START THE DATA

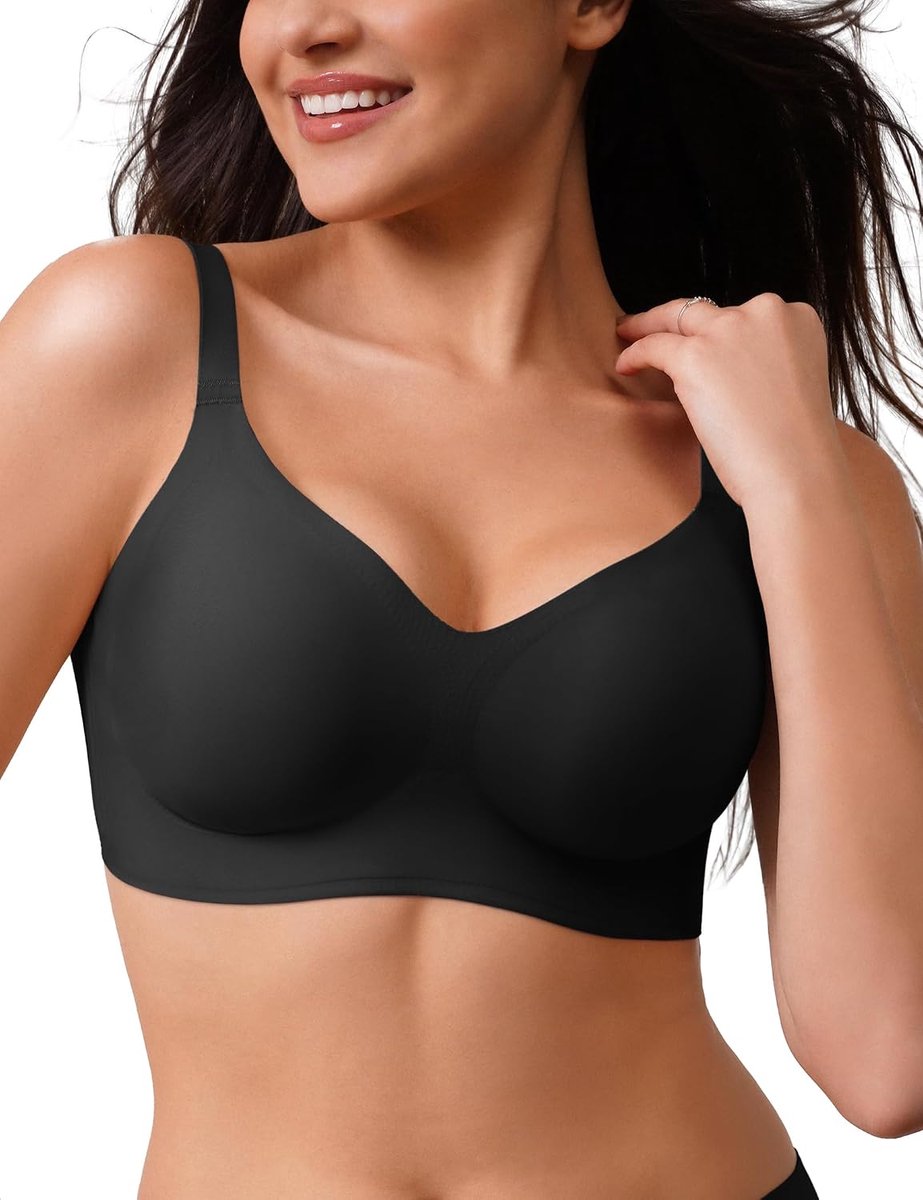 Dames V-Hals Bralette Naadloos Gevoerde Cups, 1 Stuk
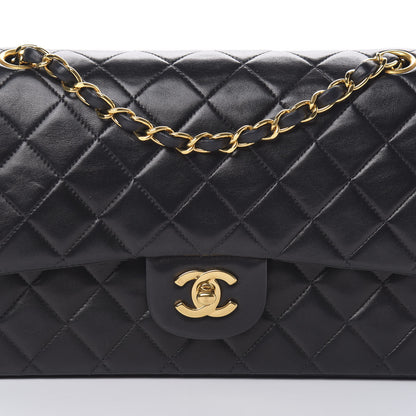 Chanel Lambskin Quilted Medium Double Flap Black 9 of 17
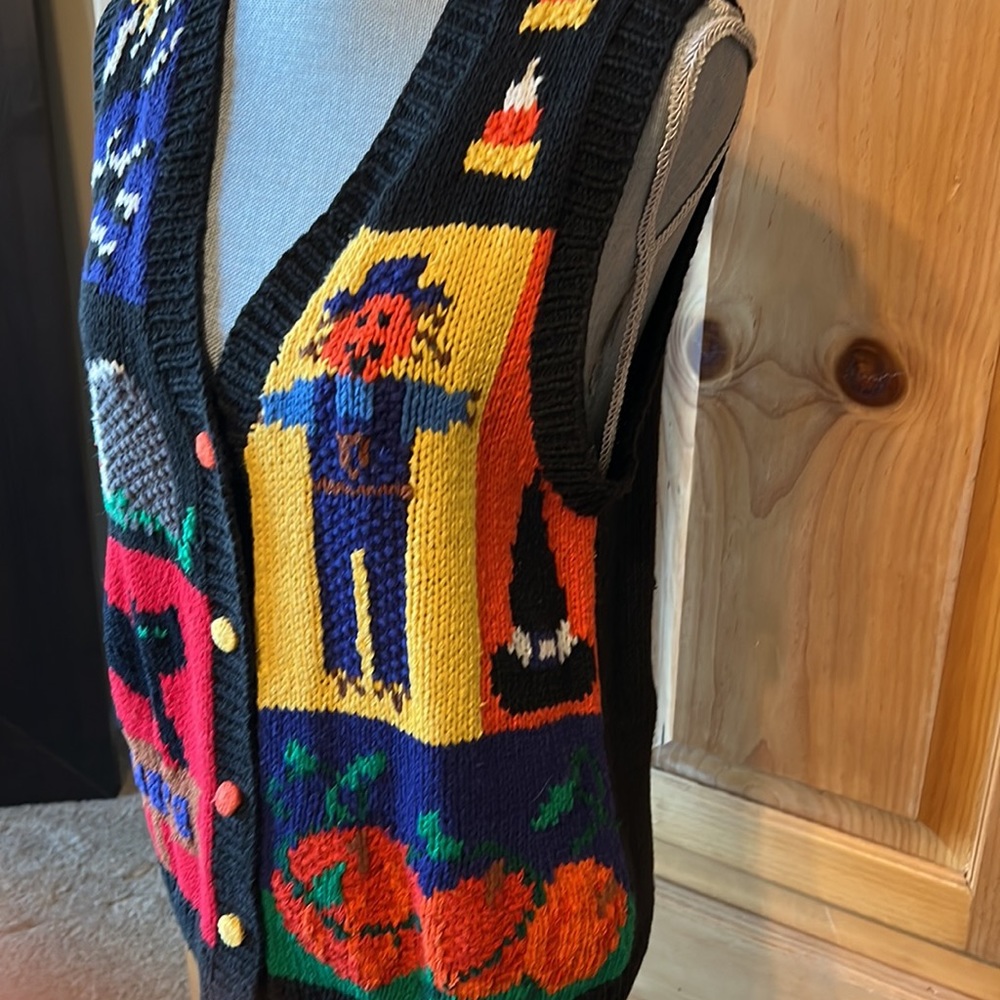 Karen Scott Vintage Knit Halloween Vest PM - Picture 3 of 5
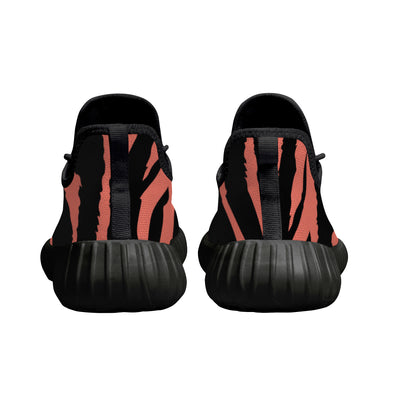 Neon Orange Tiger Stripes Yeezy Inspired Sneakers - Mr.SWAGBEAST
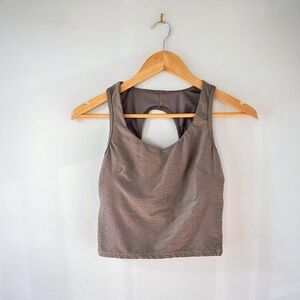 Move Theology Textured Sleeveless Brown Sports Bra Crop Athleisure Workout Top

END THE DATA
START THE DATA

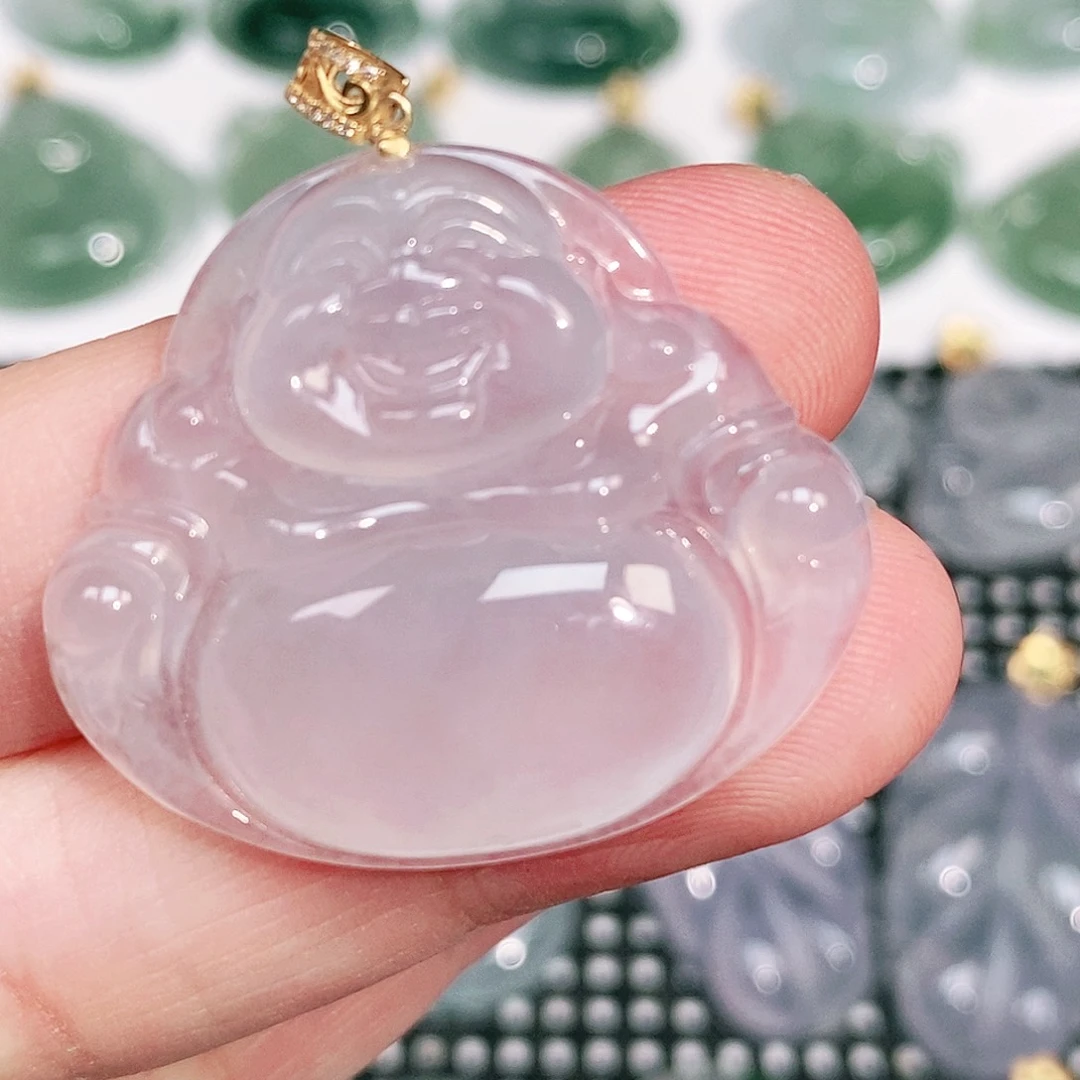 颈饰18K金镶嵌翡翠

END THE DATA
START THE DATA

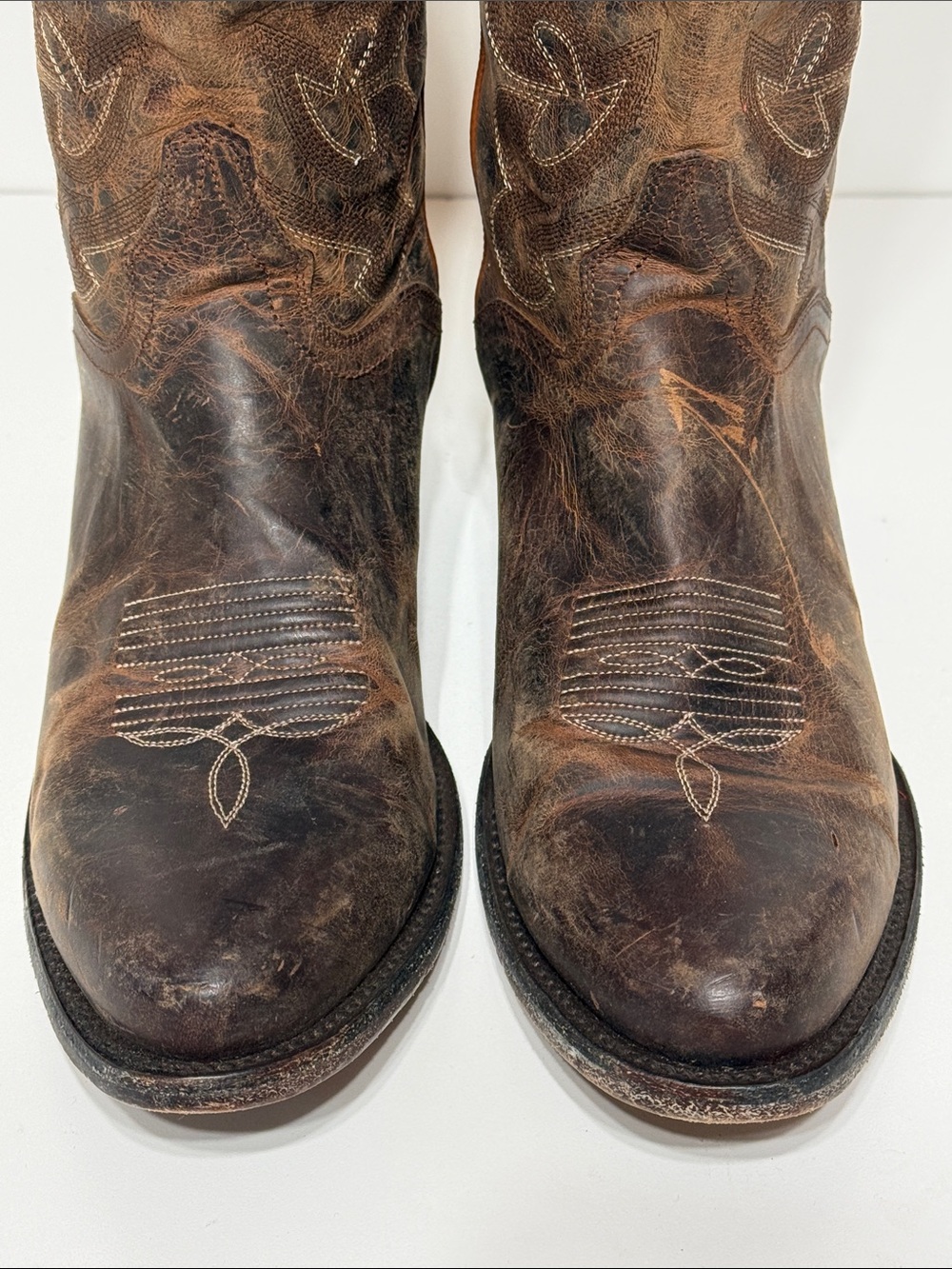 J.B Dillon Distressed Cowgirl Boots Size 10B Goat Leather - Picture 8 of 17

END THE DATA

- **HOW TO COMPLETE THIS TASK**: Nothing except the lines from the one containing "Dames V-Hals Bralette" through the one containing "Move Theology Textured" should appear in the answer, exactly as above and without pictures.

- **EXPECTED OUTPUT**:
 Dames V-Hals Bralette Naadloos Gevoerde Cups, 1 Stuk
 Chanel Lambskin Quilted Medium Double Flap Black 9 of 17
 Karen Scott Vintage Knit Halloween Vest PM - Picture 3 of 5
 Neon Orange Tiger Stripes Yeezy Inspired Sneakers - Mr.SWAGBEAST
 Move Theology Textured Sleeveless Brown Sports Bra Crop Athleisure Workout Top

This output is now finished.